= Task to carry out =
Set down without change every line from the line that contains "Puppy Monkey Baby Art Board" through the end of the listing, and only those lines. No pictures.

####

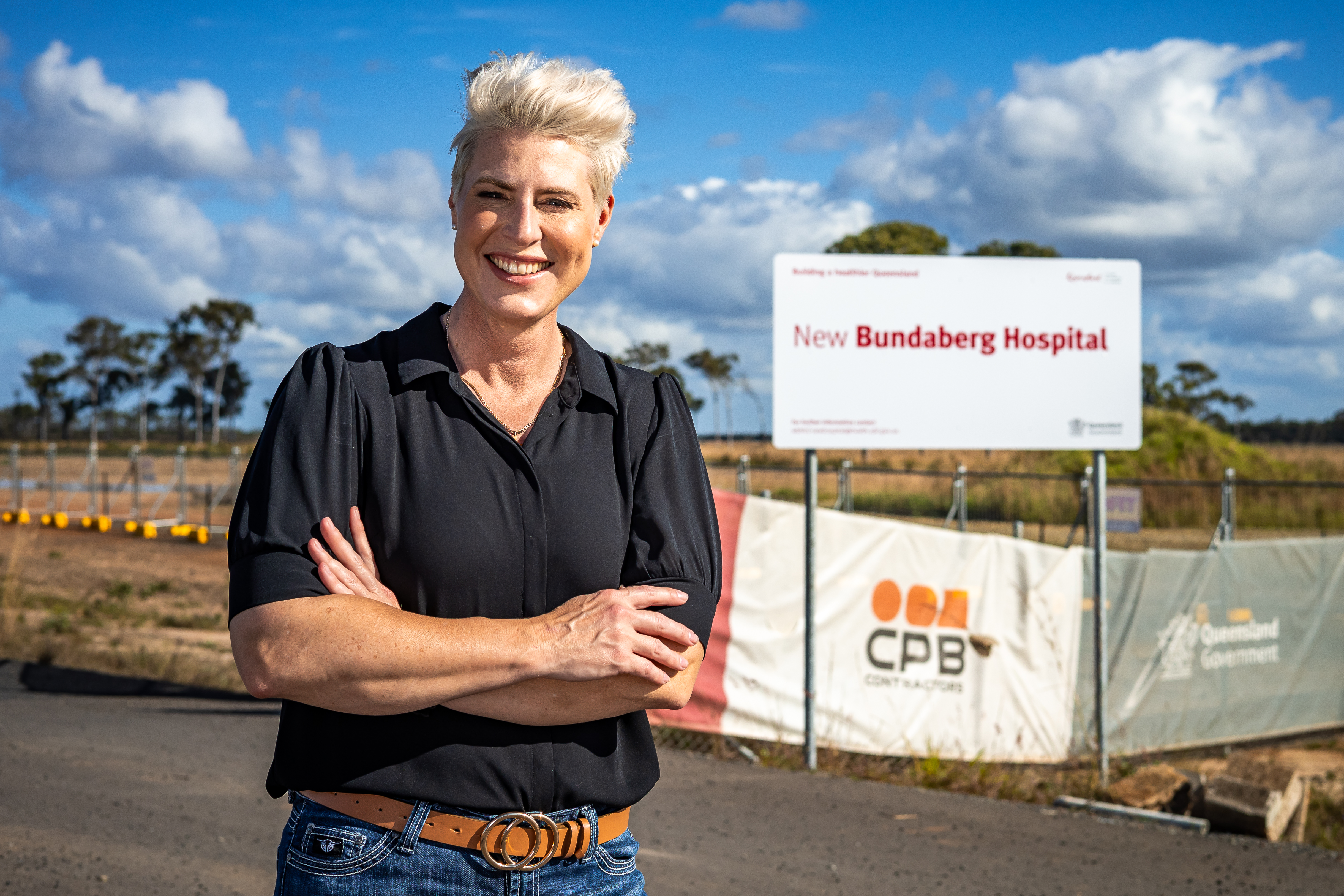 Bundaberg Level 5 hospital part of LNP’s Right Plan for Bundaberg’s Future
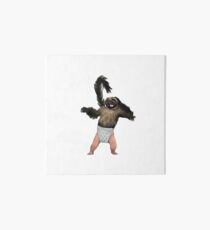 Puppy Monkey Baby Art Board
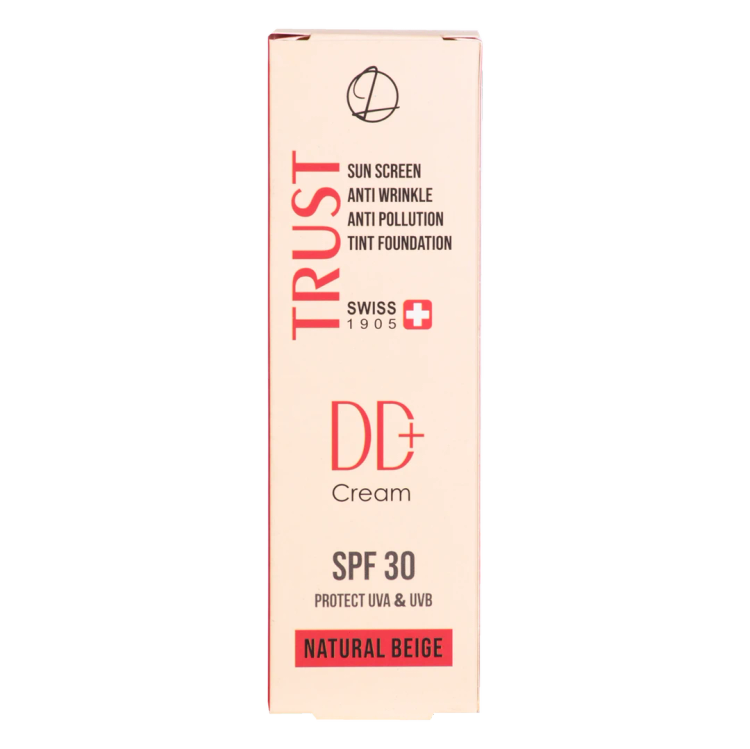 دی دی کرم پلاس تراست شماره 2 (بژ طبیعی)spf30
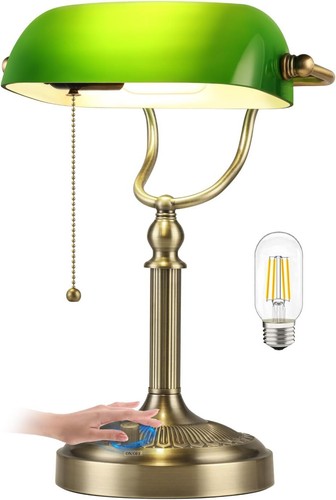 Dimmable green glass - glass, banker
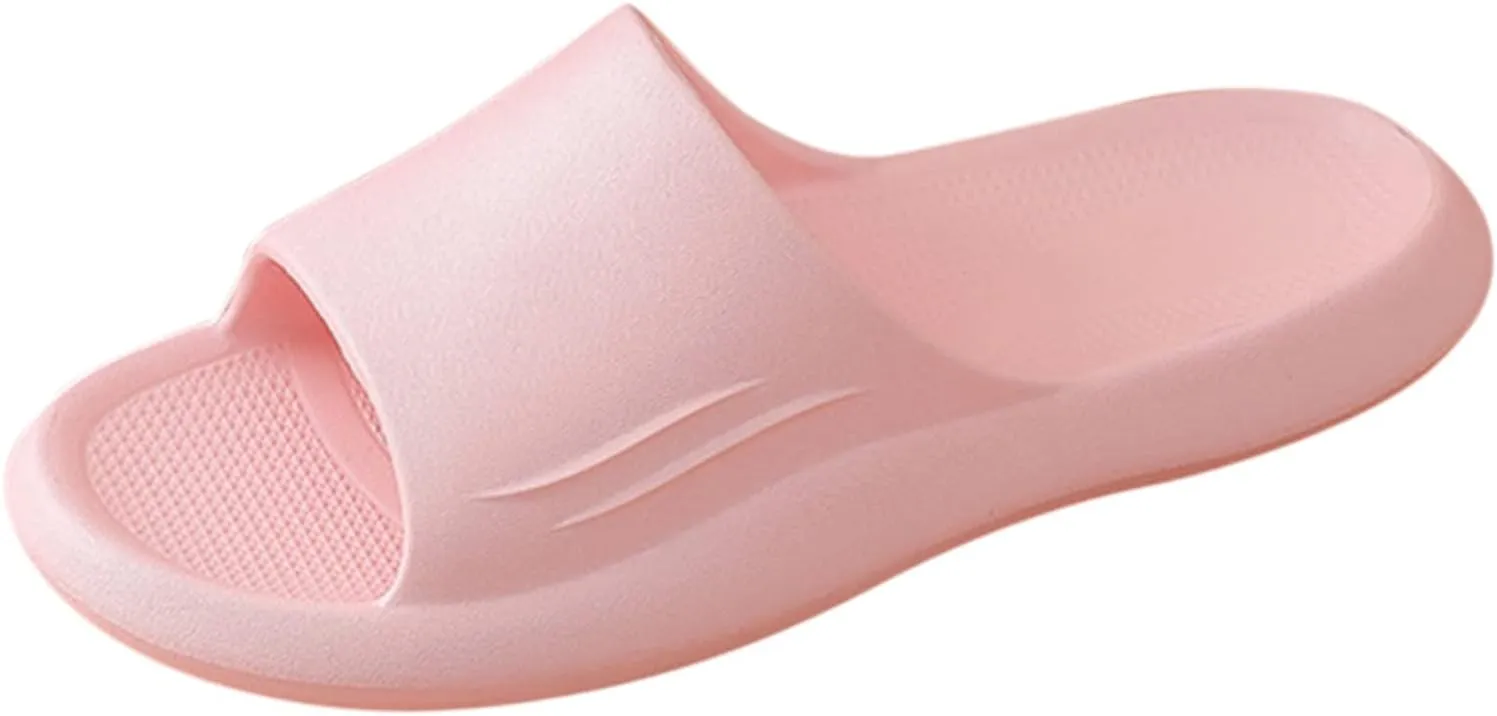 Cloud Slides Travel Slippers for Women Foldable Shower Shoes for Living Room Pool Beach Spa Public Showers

####

= Result =
 Puppy Monkey Baby Art Board
 دی دی کرم پلاس تراست شماره 2 (بژ طبیعی)spf30
 Dimmable green glass - glass, banker
 Cloud Slides Travel Slippers for Women Foldable Shower Shoes for Living Room Pool Beach Spa Public Showers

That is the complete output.